In August 2021, the U.S. Food and Drug Administration (FDA) approved an expanded PAD indication for XARELTO® (2.5 mg twice daily plus aspirin 75 - 100 mg once daily) to include patients following a recent LER due to symptomatic PAD. XARELTO® acts on a dual pathway inhibition (DPI) approach to target both clotting mechanisms, thrombin and platelet activation.

About VOYAGER PAD

The Phase 3 VOYAGER PAD study included 6,564 patients from 542 sites across 34 countries worldwide. Patients were randomized in a 1:1 ratio and received either the XARELTO® (rivaroxaban [2.5 mg twice daily plus aspirin 100 mg once daily]) (n=3,286) or aspirin alone (100 mg once daily) (n=3,278). Patients were stratified by revascularization procedure type (endovascular vs. surgical) and use of clopidogrel, which was administered at the treating physician’s discretion. Patients were followed for a median of 28 months.

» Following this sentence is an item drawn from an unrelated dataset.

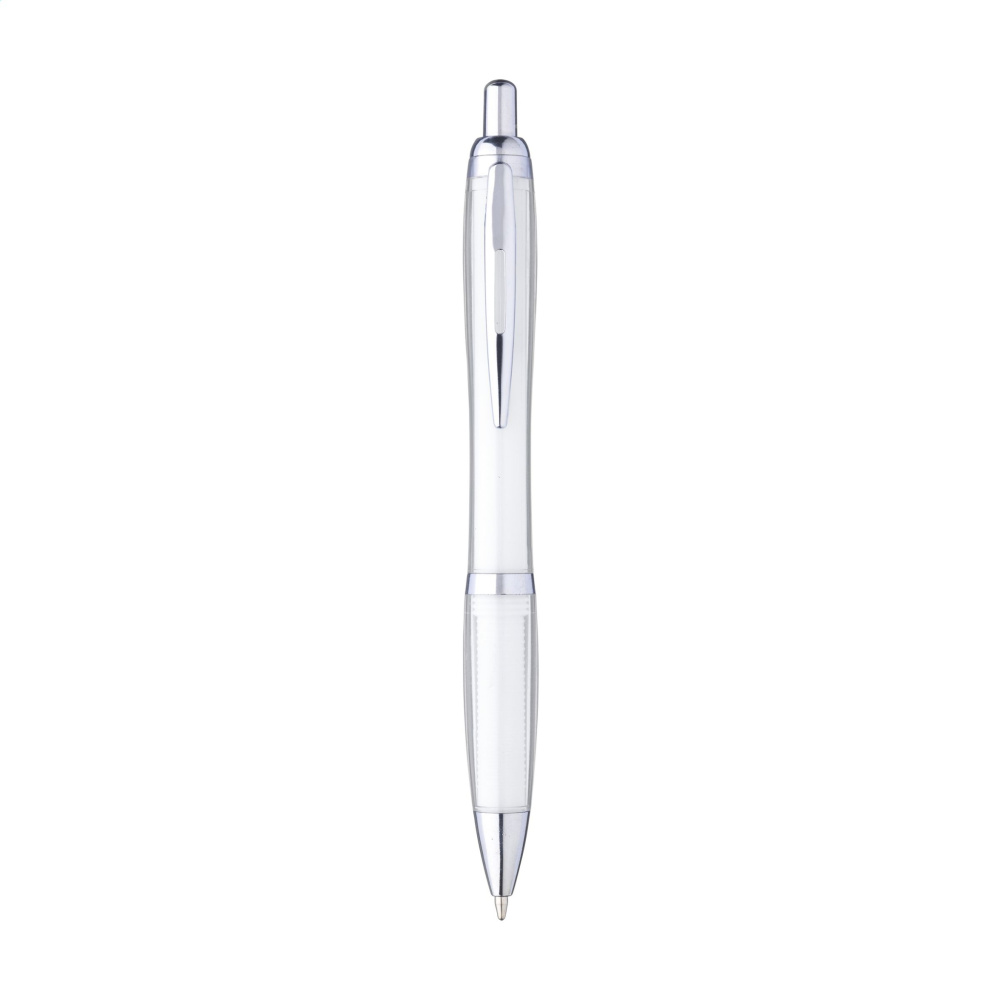 Logotrade promotional product image of: Athos RPET pen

The VOYAGER PAD study met its primary efficacy and principal safety endpoints, demonstrating the XARELTO® plus aspirin was superior to aspirin alone in reducing the risk of major adverse limb and cardiovascular events (composite outcome of acute limb ischemia, major amputation for vascular causes, myocardial infarction, ischemic stroke, or cardiovascular death) by 15 percent in patients with symptomatic PAD after lower-extremity revascularization. The benefit of adding XARELTO® to aspirin was apparent early, was consistent among major subgroups and continued to accrue over time. There was no significant increase in thrombolysis in myocardial infarction (TIMI) major bleeding observed in patients treated with the XARELTO® plus aspirin compared to aspirin alone (Kaplan-Meier estimate at three years 2.65% vs. 1.87%, respectively).

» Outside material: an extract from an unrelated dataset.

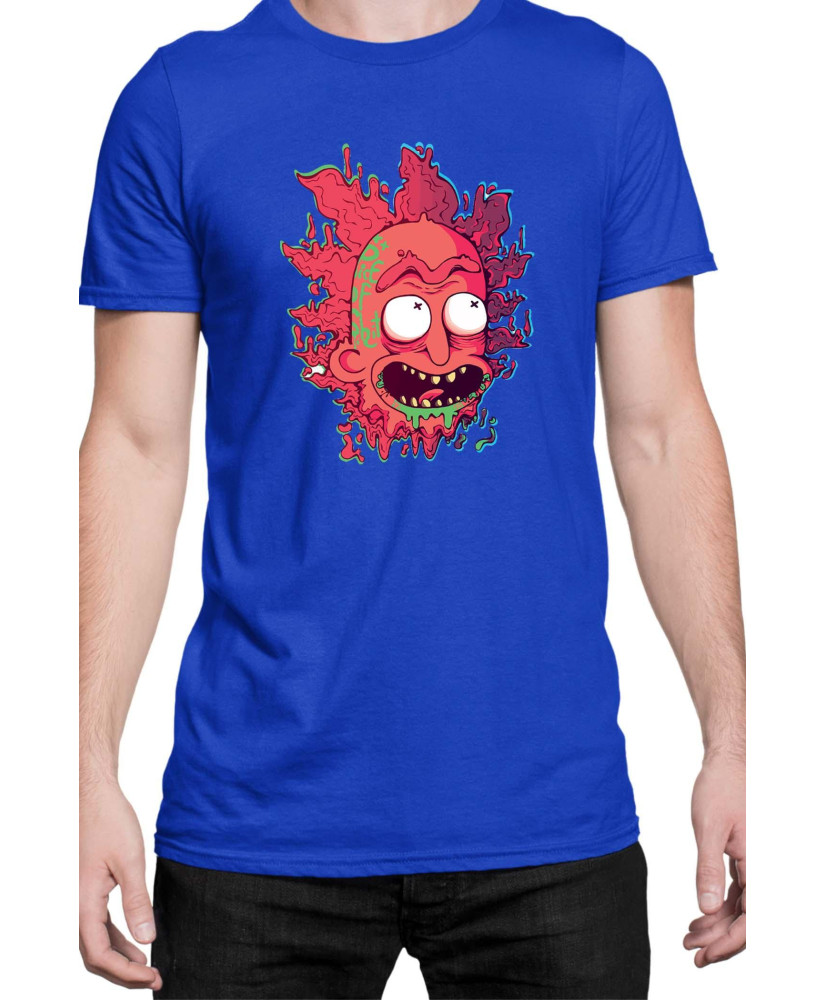 Мъжка Тениска Rick And Morty I See Red People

About XARELTO® (rivaroxaban)

XARELTO® is a prescription medicine used to:

• reduce the risk of stroke and blood clots in adults who have a medical condition called atrial fibrillation that is not caused by a heart valve problem. With atrial fibrillation, part of the heart does not beat the way it should. This can lead to the formation of blood clots, which can travel to the brain, causing a stroke, or to other parts of the body
• treat blood clots in the veins of your legs (deep vein thrombosis or DVT) or lungs (pulmonary embolism or PE)
• reduce the risk of blood clots from happening again in adults who continue to be at risk for DVT or PE after receiving treatment for blood clots for at least 6 months
• help prevent a blood clot in the legs and lungs of adults who have just had hip or knee replacement surgery
• help prevent blood clots in certain adults hospitalized for an acute illness and after discharge, who are at risk of getting blood clots because of the loss of or decreased ability to move around (mobility) and other risks for getting blood clots, and who do not have a high risk of bleeding

XARELTO® is used with low dose aspirin to:

• reduce the risk of serious heart problems, heart attack and stroke in adults with coronary artery disease (a condition where the blood supply to the heart is reduced or blocked)
• reduce the risk of a sudden decrease in blood flow to the legs, major amputation, serious heart problems or stroke in adults with peripheral artery disease (a condition where the blood flow to the legs is reduced) and includes adults who have recently had a procedure to improve blood flow to the legs

XARELTO® is used in children to:

• treat blood clots or reduce the risk of blood clots from happening again in children from birth to less than 18 years, after receiving at least 5 days of treatment with injectable or intravenous medicines used to treat blood clots
• help prevent blood clots in children 2 years and older with congenital heart disease after the Fontan procedure

XARELTO® was not studied and is not recommended in children less than 6 months of age who:

• were less than 37 weeks of growth (gestation) at birth
• had less than 10 days of oral feeding, or
• had a body weight of less than 5.7 pounds (2.6 kg)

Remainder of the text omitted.